TRY IT » Here the job is to print all of the entries below verbatim and leave out any picture.

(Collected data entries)

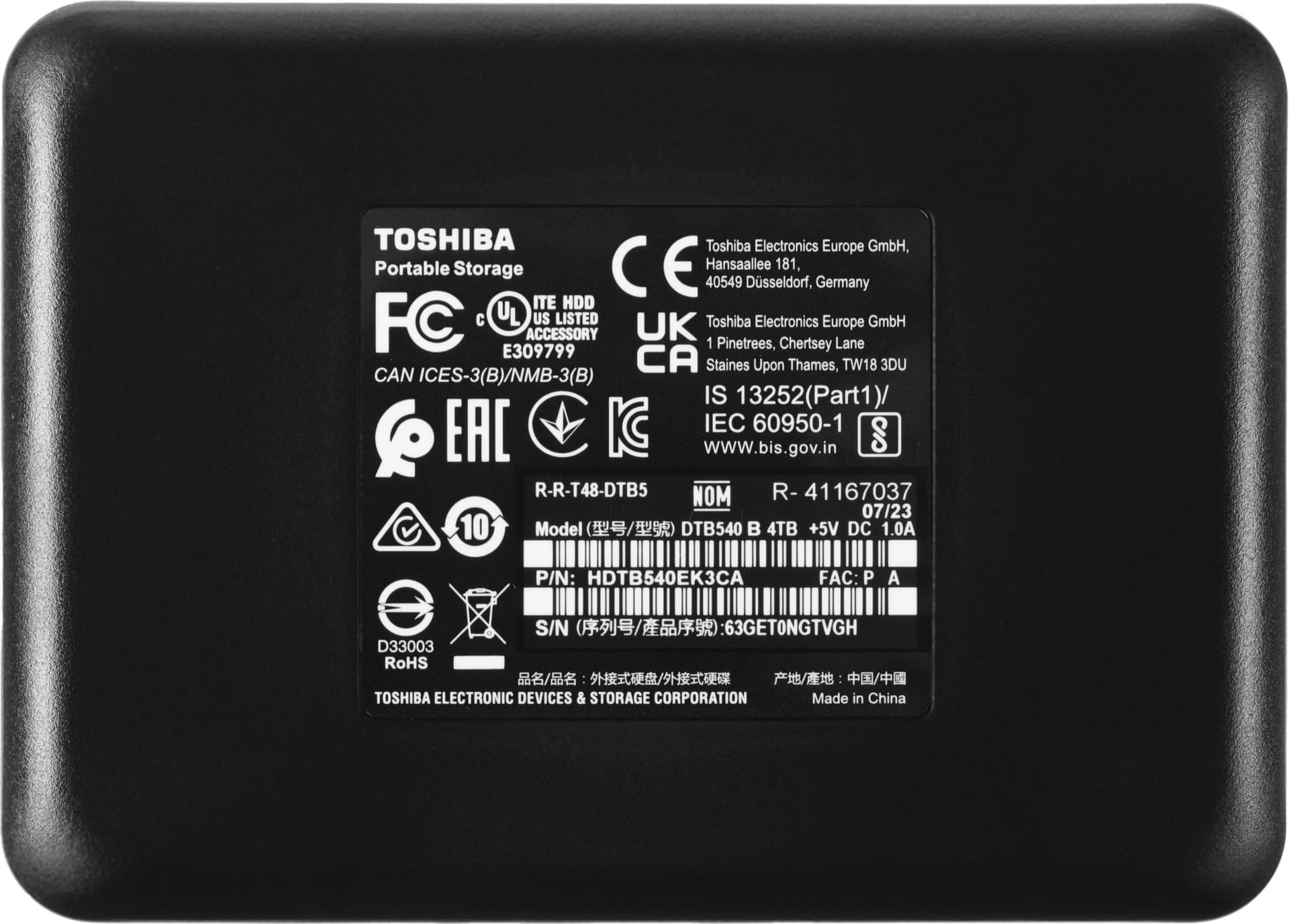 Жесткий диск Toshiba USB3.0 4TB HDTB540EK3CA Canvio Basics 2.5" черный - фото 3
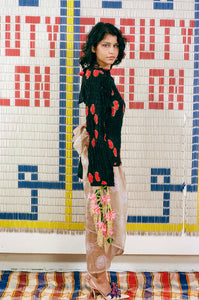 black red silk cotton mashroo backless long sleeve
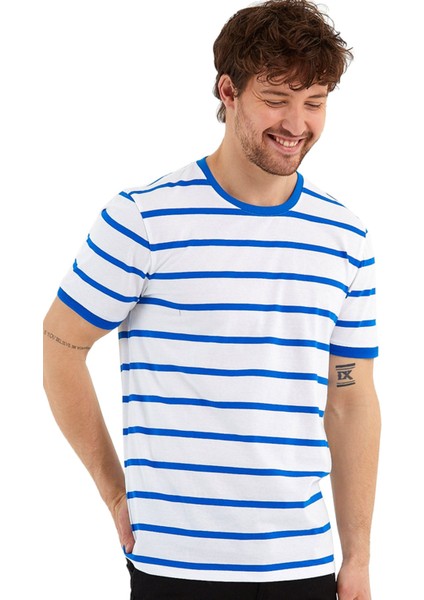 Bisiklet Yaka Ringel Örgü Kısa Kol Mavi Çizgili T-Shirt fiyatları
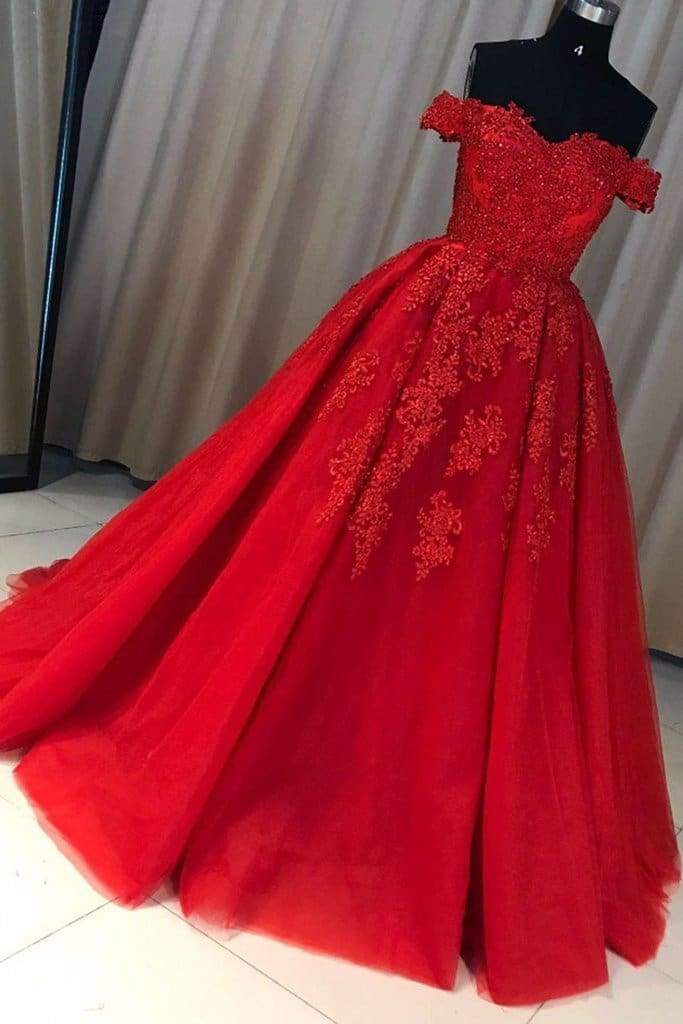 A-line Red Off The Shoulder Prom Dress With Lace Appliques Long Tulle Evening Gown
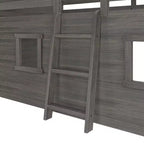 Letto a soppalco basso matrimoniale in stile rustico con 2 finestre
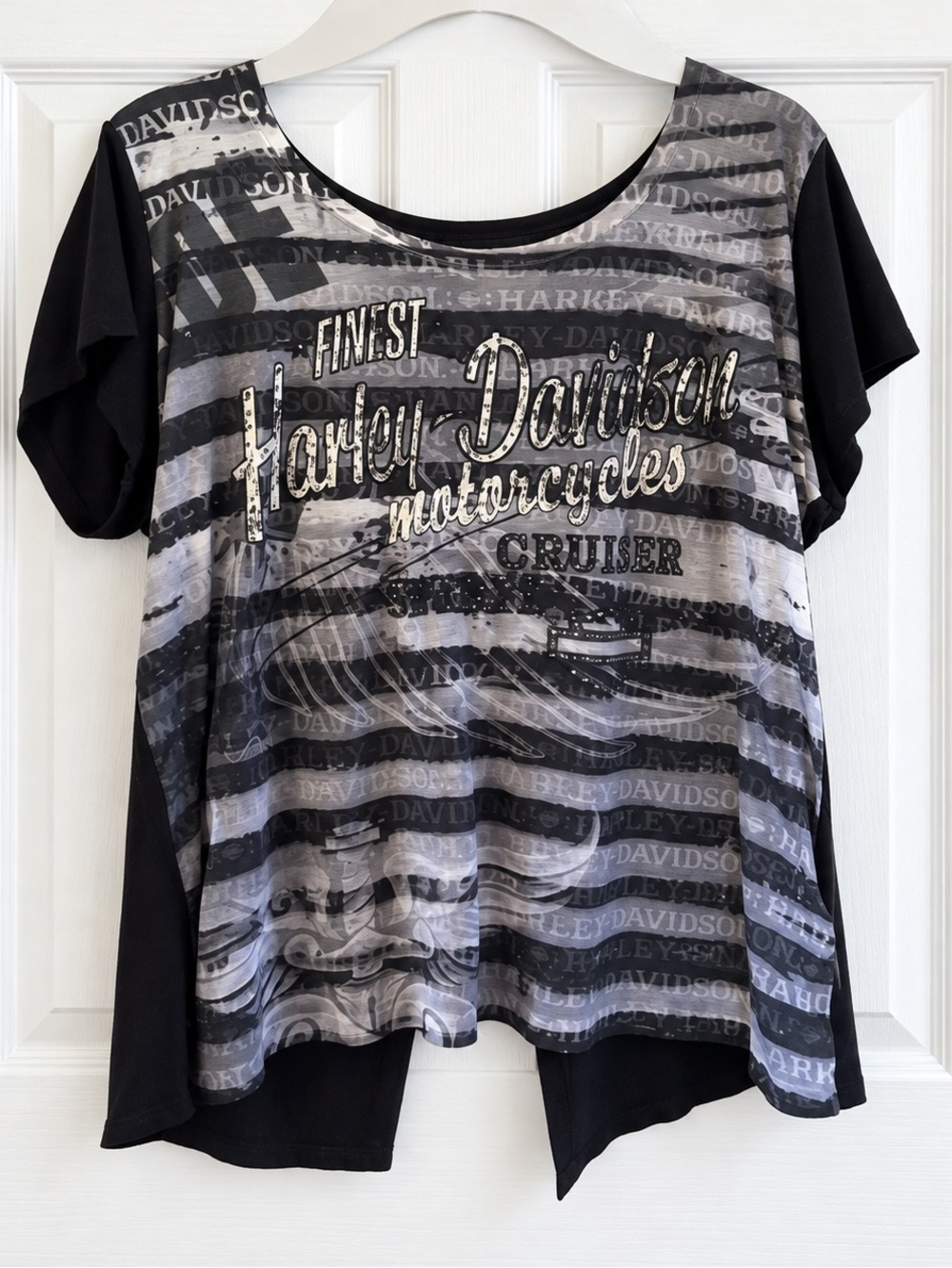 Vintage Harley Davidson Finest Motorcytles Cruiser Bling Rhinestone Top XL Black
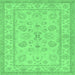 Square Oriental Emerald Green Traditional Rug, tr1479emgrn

OUTPUT FOR THIS TASK »
 Жесткий диск Toshiba USB3.0 4TB HDTB540EK3CA Canvio Basics 2.5" черный - фото 3
 black red silk cotton mashroo backless long sleeve
 Bisiklet Yaka Ringel Örgü Kısa Kol Mavi Çizgili T-Shirt fiyatları
 A-line Red Off The Shoulder Prom Dress With Lace Appliques Long Tulle Evening Gown
 Letto a soppalco basso matrimoniale in stile rustico con 2 finestre
 Vintage Harley Davidson Finest Motorcytles Cruiser Bling Rhinestone Top XL Black
 Square Oriental Emerald Green Traditional Rug, tr1479emgrn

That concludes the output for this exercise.